FFmpeg has a built-in audio filter for changing the tempo without changing the pitch. We need to encode the file to some format your phone plays. This depends on the phone of course. Many modern smartphones like AAC audio:

ffmpeg -i weird.wma -filter:a "atempo=1.7" -c:a libfaac -q:a 100 final.m4a

Here, you can change the quality with the -q:a option, where the value is in percent and higher means better.
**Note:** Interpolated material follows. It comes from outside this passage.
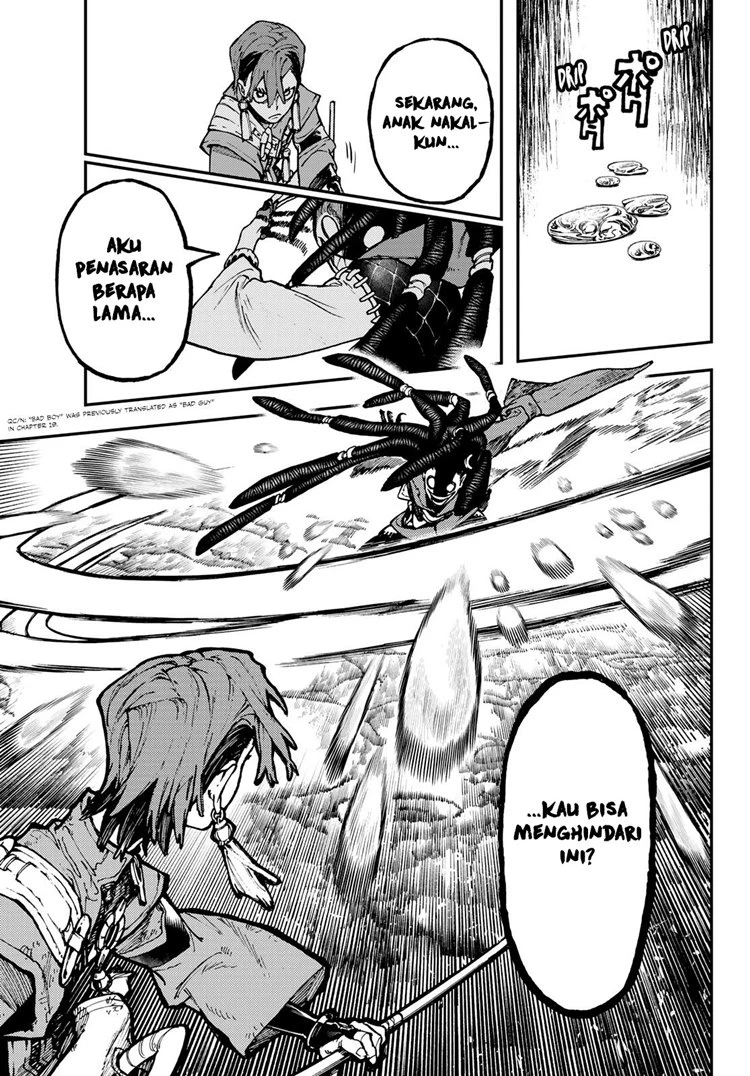 Read Gachiakuta Bahasa Indonesia ID Manga Online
Or, MP3 audio with an (average) quality of 4, where less means better (0 resulting in around 245 kBit/s):

ffmpeg -i weird.wma -filter:a "atempo=1.7" -c:a libmp3lame -q:a 4 final.mp3

If your phone doesn't support any of these, we'll have to dig further. Oh, and I use ffmpeg synonymously with avconv here. They're not quite the same, but for the above cases you can use either tool. If your version of FFmpeg or avconv doesn't bundle FAAC or LAME, go get a static Linux build from the FFmpeg download page.

If you don't like the FFmpeg filters, here is another approach:

Extract raw audio

First of all, you need to extract the raw audio stream in an uncompressed format, e.g. PCM Stereo 16-bit audio in a WAV container.

ffmpeg -i weird.wma temp.wav

Now we can use the file temp.wav to shorten the audio. We have a few options for that:

Option 1: SoX

SoX offers a few different filters that allow you to change speed, pitch or tempo. Simply changing speed will increase the pitch to compensate for the length, so this might sound unnatural.

The tempo filter uses an advanced algorithm to shorten files but keep the pitch, by dividing it into smaller time windows and then "merging" them, thus speeding up the tempo. For example:

sox temp.wav output.wav -tempo 1.7

This might sound a little weird. If it does, resort to option 2.

Option 2: Paul's Extreme Sound Stretch

This program promises to offer better quality than SoX, and there is a command line version written in Python available from GitHub. A command could look like this—keep in mind that it by default stretches the file, so to shorten it we calulate the inverse of 1.7, which is 0.59:

python paulstretch_stereo.py -s 0.59 temp.wav output.wav

Convert raw audio to a compressed file

Now we have a shortened WAV file, but this is still uncompressed, so we need to compress it again. Refer to the options at the top of this post for various formats.

ffmpeg -i output.wav -c:a …

The non-ffmpeg methods outlined above will lose your metadata; you can add it in again when converting output.wav to a compressed format like so:

ffmpeg -i output.wav -i weird.wma -map 0 -map_metadata 1 -c:a ...
  • I like option one, but won't I lose the meta information in the file when I convert to a WAV? Does ffmpeg not have an equivalent -tempo switch?
    – User1
    Commented Dec 15, 2012 at 15:52
  • You would lose all metadata, yes. I've updated my answer with a native FFmpeg approach that should – in theory – keep your metadata.